## Work to complete
Search the entries for the line containing "White and violet". Repeat it, then every line after it, exactly through the final line.

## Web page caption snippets

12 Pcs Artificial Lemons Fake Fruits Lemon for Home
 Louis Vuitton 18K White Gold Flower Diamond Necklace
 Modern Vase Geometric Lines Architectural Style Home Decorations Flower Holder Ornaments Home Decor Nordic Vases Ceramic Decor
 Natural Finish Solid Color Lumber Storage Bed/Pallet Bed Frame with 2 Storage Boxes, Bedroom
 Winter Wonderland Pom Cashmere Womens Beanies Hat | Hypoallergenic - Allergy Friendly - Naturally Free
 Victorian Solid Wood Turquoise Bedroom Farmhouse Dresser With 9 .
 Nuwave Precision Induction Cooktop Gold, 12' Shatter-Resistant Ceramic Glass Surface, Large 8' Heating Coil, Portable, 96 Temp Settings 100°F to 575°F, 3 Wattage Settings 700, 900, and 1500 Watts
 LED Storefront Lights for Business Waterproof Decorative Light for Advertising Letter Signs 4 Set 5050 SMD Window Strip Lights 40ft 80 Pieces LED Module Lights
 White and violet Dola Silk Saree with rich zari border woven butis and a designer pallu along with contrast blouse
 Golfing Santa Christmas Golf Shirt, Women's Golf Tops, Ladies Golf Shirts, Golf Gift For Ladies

## Task answer
 White and violet Dola Silk Saree with rich zari border woven butis and a designer pallu along with contrast blouse
 Golfing Santa Christmas Golf Shirt, Women's Golf Tops, Ladies Golf Shirts, Golf Gift For Ladies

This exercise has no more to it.